What got you into guns

Going hunting with my uncle from the time I was about 10 years old. This led to me getting my own 12 gauge and .22lr at 12 years old.
 
I'm from rural West Virginia.

*shrug*

It would be much more unusual if I didn't own a bunch of guns, to be honest.
 
As my handle implies, I hunt deer. My entire family hunts. My mother's father collected, as did her brother. She helped them cast bullets when she was younger. My father has always owned guns.

I have pictures of me in diapers, red rubber boots, and two SAA replica toy pistols shoved down my diapers. My mother says that when I was very young, I would walk out onto the porch, draw an imaginary gun from my holster, aim at a bird, say "Tau! Tau!" (Sounds like the "tow" in "Tower"), then reholster my weapon, and walk back inside. Every picture of me from 2-9, I've got some kine of gun or knife in my hands, mainly plastic except for my Red Rider bb gun.

And no, I never did "shoot my eye out". I shot the eyes out of birds and lizards, though. :neener:
 
I'm from Utah, born and raised mormon.

Out here you are a piker if you don't have at least 1 full gun safe.

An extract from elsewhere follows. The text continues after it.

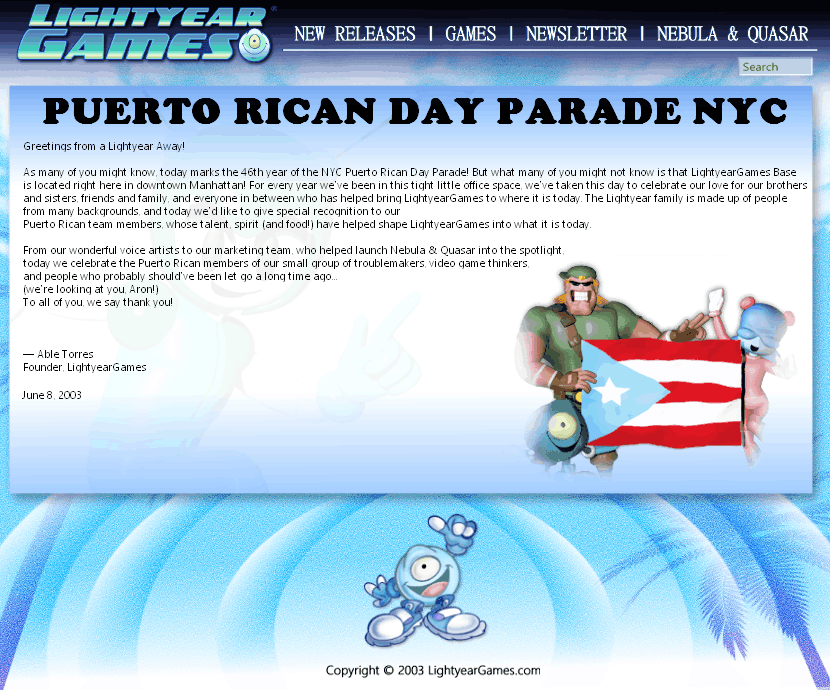 NAQTUBEtw's tweet photo. From LightyearGames website Celebrating the 46th NYC Puerto Rican Day Parade (2003) https://t.co/JMQsvaU8lo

Family thing several generations old. On moms side we have a muzzle loader that was built by Daniel Boone for a family member.
 
I GUESS I'M THE EXCEPTION

I was attacked by two young guys with baseball bats in a case of mistaken identity.
I have now carried a pistol for 12 years. Mostly a Makarov, now a KT P11.
I did not grow up around guns and am teaching myself to shoot. I like sighted target shooting for fun and point shooting for SD.
 
Last edited by a moderator:
I blame Sarah Brady.

Prior to the hoopla in '94 coming up to the AW ban I'd never shot a gun in my life. There was so much on the news about it that I decided to go to a gun store and see what the big deal was. Wasn't long before I took a safety class, then more advanced classes, got my CCW, and got bit by the NFA bug.

Thanks Sarah!
 
I grew up around firearms I remember going rabbit hunting with my dads .22lr on our land. But moslty when I got older and my brother got out of the service he got into to IPSC and I would practice with him and went to a few competetitions been hooked ever since.


The odd thing is the more I hang around THR the more guns I buy, wierd.:D
 
I blame Sarah Brady.

Prior to the hoopla in '94 coming up to the AW ban I'd never shot a gun in my life. There was so much on the news about it that I decided to go to a gun store and see what the big deal was. Wasn't long before I took a safety class, then more advanced classes, got my CCW, and got bit by the NFA bug.

Thanks Sarah!

God bless that woman. She keeps recruiting for us!:evil:

Grew up hunting and listening to my dad's tales of hunting. most every story he told had a gun in it somehow. Oddly enough, he still has a real antipathy for handguns. I am working on him though. I think he is interested in shooting a little Taurus .22 revolver I recently bought. Also, as he lives in rattle snake country, I think I have him talked into buying a revolover I recently saw that will fire .45 LC or a .410 shotgun shell.
 
Experience

Almost 10 years ago I emigrated from Canada to the US - Texas to be exact.

Well, things were pretty low key until one Saturday night a bunch of drunken morons started banging on my door, intimating they were going to do some major remodeling on myself and my apt. I had no idea who they were (likely a case of mistaken identity) so I grabbed a kitchen knife, yelled back through the door I was armed (which was sorta true :D ) and surprisingly, things got real quiet as they decided they had better things to do.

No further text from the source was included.